Monday, December 22, 2014

Holiday Haze

File:Happy Holidays (5318408861).jpg

Your dedicated blogger is about to vanish in the holiday haze, presumably returning early in the new year. I hope to see you at the Boston ASSA Penn party. (I promise to show up this time. Seriously.) Meanwhile, all best wishes for the holidays.

[Photo credit:  Public domain, by Marcus Quigmire, from Florida, USA (Happy Holidays  Uploaded by Princess Mérida) [CC-BY-SA-2.0 (], via Wikimedia Commons]

Monday, December 15, 2014

Causal Modeling Update

In an earlier post on predictive modeling and causal inference, I mentioned my summer "reading list" for causal modeling:
Re-read Pearl, and read the Heckman-Pinto critique.
Re-read White et al. on settable systems and testing conditional independence.
Read Angrist-Pischke.
Read Wolpin, and Rust's review.
Read Dawid 2007 and Dawid 2014.
Get and read Imbens-Rubin (available early 2015).
I'm sure I'll blog on some of the above in due course. Meanwhile I want to add something to the list: Pearl's response to Heckman-Pinto. (I just learned of it.)
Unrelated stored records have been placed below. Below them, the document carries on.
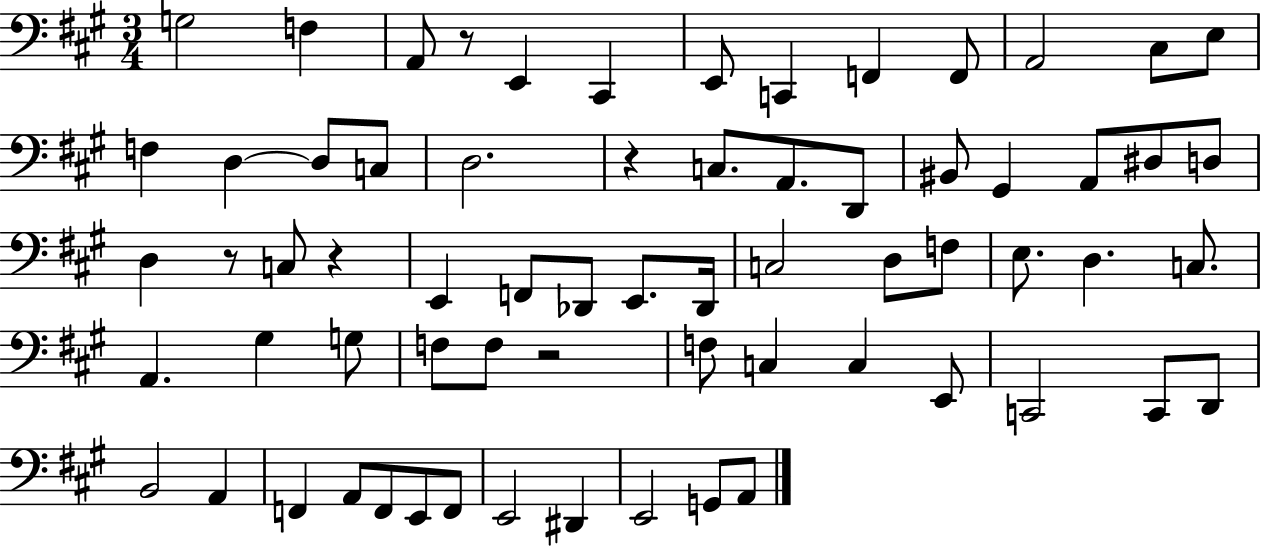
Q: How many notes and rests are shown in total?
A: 67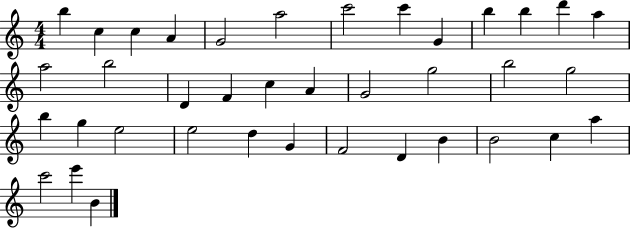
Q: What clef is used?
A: treble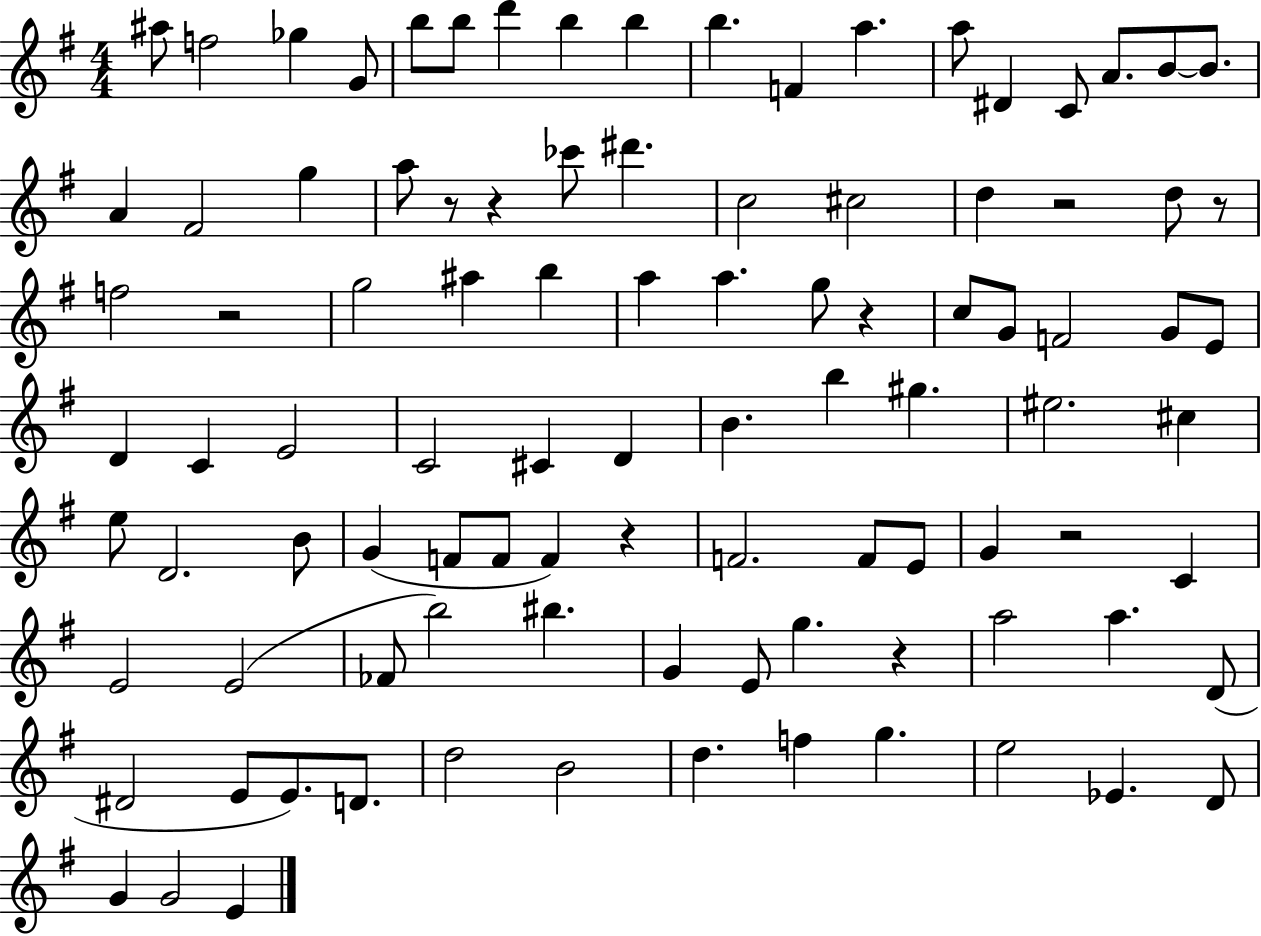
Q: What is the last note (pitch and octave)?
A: E4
One of its themes resonates with me: Econometrics needs to examine more thoroughly the statistical causal modeling literature vis-à-vis standard econometric approaches. (The irreplaceable Hal White started building some magnificent bridges, but alas, he was taken from us much too soon.) Reasonable people will have sharply different views as to what's of value there, and the discussion is far from over, but I'm grateful to the likes of Pearl, White, Heckman, and Pinto for starting it.

Monday, December 8, 2014

A Tennis Match Graphic

I know you're not thinking about tennis in December (at least those of you north of the equator). I'm generally not either. But this post is really about graphics, and I may have something that will interest you. And remember, the Australian Open and the 2015 season will soon be here.

Tennis scoring is different and tricky compared to other sports. A 2008 New York Times piece, "In Tennis, the Numbers Sometimes Don't Add Up," is apt:
If you were told that in a particular match, Player A won more points and more games and had a higher first-serve percentage, fewer unforced errors and a higher winning percentage at the net, you would deduce that Player A was the winner. But leaping to that conclusion would be a mistake. ... In tennis, it is not the events that constitute a match, but the timing of those events. In team sports like baseball, basketball and football, and even in boxing, the competitor who scores first or last may have little bearing on the outcome. In tennis, the player who scores last is always the winner.
Tricky tennis scoring makes for tricky match summarization, whether graphically or otherwise. Not that people haven't tried, with all sorts of devices in use. See, for example, another good 2014 New York Times piece, "How to Keep Score: However You Like," and the fascinating, "A blog devoted to maps about tennis," emphasizing spatial aspects but going farther on occasion.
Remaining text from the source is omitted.